The New York Times told ABC News in a statement Wednesday: “This decision is disappointing. We’re confident we will prevail in a retrial.”
Rakoff said at the time that he would set aside the verdict and dismiss the lawsuit because Palin had not met the high standard of showing the Times had acted with “actual malice” when it published an editorial that erroneously linked Palin’s political action committee to a mass shooting.
Palin sued the Times in 2017, roughly nine years after she was tapped to be Sen. John McCain’s GOP vice presidential nominee, claiming the newspaper deliberately ruined her burgeoning career as a political commentator and consultant by publishing an erroneous editorial she said defamed her.
The editorial that prompted the lawsuit was published on the same day a gunman opened fire on GOP politicians practicing for a congressional charity baseball game in a Washington, D.C., suburb, injuring six, including Republican Rep. Steve Scalise.
The Times’ editorial board wrote that prior to the 2011 Arizona mass shooting that killed six people and left Giffords with a traumatic brain injury, Palin’s political action committee had fueled a violent atmosphere by circulating a map that put the electoral districts of Giffords and 19 other Democrats under stylized crosshairs.

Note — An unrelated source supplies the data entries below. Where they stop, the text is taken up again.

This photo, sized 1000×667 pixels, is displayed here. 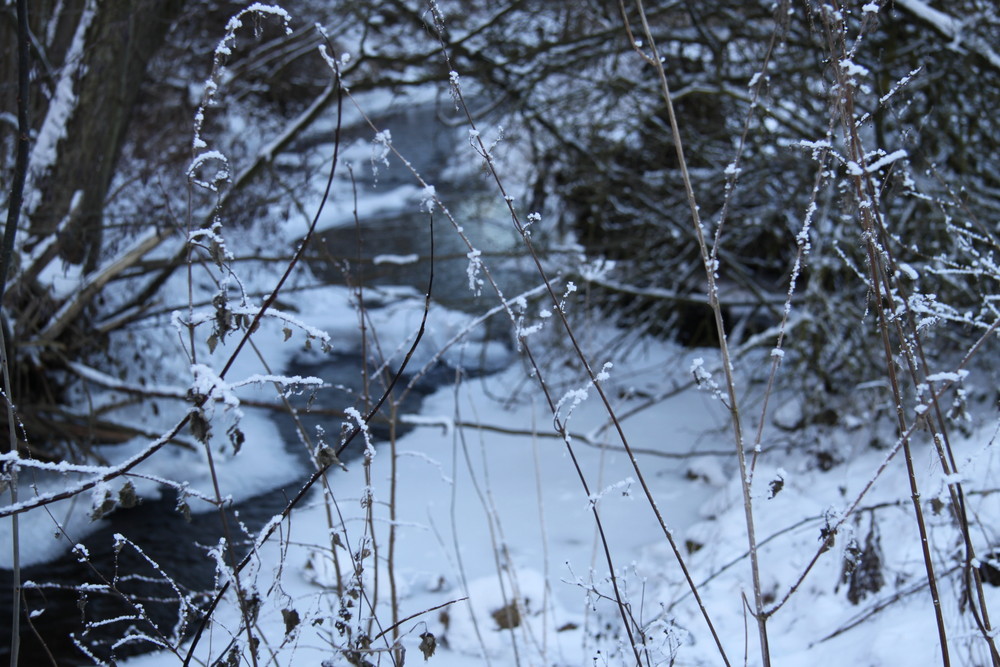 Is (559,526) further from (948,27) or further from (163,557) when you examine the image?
(948,27)

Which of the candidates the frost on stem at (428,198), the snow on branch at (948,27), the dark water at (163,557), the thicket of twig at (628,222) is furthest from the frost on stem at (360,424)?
the snow on branch at (948,27)

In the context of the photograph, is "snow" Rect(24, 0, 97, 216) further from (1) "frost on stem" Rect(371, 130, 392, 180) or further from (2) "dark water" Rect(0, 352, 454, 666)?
(1) "frost on stem" Rect(371, 130, 392, 180)

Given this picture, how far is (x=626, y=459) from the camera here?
4.75m

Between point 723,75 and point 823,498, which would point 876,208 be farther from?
point 723,75

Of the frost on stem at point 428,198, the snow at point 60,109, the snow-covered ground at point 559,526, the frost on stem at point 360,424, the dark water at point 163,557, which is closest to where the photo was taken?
the frost on stem at point 360,424

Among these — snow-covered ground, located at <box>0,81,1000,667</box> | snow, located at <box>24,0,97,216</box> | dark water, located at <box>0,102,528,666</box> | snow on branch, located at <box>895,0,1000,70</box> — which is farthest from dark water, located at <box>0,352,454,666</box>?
snow on branch, located at <box>895,0,1000,70</box>

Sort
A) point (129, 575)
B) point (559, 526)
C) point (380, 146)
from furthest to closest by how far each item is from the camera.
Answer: point (559, 526) < point (129, 575) < point (380, 146)

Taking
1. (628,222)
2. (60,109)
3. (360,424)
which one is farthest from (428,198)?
(628,222)

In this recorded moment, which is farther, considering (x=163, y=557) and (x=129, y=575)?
(x=163, y=557)

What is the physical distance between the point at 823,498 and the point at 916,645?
167 cm

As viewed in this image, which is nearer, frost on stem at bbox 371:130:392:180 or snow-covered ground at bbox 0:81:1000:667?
frost on stem at bbox 371:130:392:180

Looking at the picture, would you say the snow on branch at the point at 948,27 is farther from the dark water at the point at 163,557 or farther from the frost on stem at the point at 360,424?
the frost on stem at the point at 360,424

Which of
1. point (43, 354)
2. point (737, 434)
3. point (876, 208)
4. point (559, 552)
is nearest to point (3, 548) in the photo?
point (43, 354)

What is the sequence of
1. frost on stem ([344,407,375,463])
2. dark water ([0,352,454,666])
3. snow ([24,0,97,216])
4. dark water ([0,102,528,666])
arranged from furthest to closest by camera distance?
1. snow ([24,0,97,216])
2. dark water ([0,352,454,666])
3. dark water ([0,102,528,666])
4. frost on stem ([344,407,375,463]) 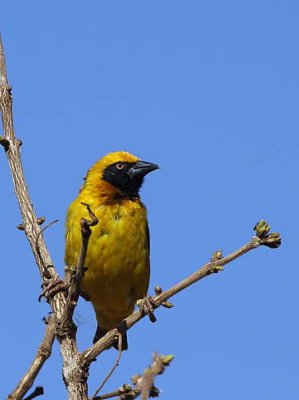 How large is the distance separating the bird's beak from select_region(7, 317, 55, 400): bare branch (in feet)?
15.9

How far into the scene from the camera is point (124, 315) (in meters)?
7.82

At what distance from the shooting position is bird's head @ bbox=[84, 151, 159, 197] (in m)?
7.75

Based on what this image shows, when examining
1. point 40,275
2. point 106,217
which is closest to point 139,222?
point 106,217

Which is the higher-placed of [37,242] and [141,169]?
[141,169]

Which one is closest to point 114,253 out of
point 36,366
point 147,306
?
point 147,306

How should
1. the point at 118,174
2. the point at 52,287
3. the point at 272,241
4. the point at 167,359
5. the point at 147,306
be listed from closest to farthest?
the point at 167,359 → the point at 272,241 → the point at 52,287 → the point at 147,306 → the point at 118,174

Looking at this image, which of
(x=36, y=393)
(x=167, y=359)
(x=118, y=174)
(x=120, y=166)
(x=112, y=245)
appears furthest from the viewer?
(x=120, y=166)

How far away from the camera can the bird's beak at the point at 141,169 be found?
8094mm

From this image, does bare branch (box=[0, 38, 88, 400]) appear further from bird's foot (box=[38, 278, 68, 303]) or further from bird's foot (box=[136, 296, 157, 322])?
bird's foot (box=[136, 296, 157, 322])

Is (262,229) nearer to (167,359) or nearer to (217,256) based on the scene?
(217,256)

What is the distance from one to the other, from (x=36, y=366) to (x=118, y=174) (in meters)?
5.12

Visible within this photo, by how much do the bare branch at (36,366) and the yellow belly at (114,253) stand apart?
3.53 metres

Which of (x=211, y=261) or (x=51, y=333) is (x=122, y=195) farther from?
(x=51, y=333)

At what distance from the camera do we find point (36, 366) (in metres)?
2.95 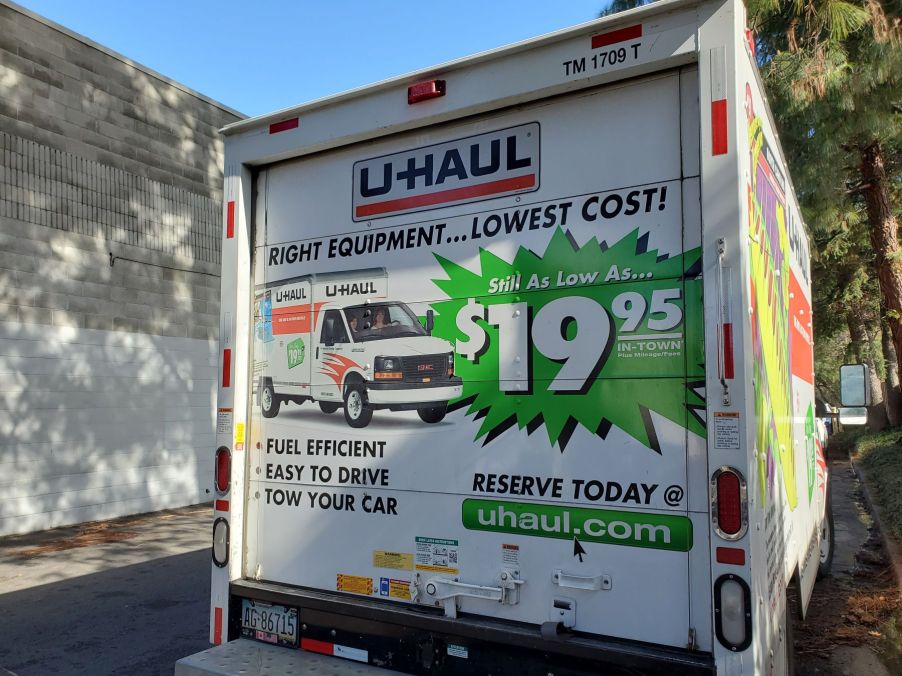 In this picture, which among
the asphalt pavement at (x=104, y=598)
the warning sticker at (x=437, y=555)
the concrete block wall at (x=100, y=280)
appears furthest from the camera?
the concrete block wall at (x=100, y=280)

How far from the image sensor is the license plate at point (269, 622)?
3.46m

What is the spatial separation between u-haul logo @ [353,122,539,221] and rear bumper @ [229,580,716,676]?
5.70 feet

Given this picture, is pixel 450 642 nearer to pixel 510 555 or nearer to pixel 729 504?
pixel 510 555

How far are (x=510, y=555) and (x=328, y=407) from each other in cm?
110

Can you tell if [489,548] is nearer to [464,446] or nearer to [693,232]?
[464,446]

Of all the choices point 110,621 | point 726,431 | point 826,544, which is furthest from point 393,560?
point 826,544

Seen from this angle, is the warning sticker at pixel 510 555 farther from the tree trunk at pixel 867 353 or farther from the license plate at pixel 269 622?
the tree trunk at pixel 867 353

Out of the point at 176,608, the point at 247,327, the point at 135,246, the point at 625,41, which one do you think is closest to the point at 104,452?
the point at 135,246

Two days later, the Times published a correction saying the editorial had “incorrectly described” the map and “incorrectly stated that a link existed between political rhetoric and the 2011 shooting.”
During the trial, Palin, in her testimony, accused the Times of deliberately fabricating information to sully her reputation.
Bennet testified that while he was responsible for the erroneous information in the editorial, it was an honest mistake and that he meant no harm.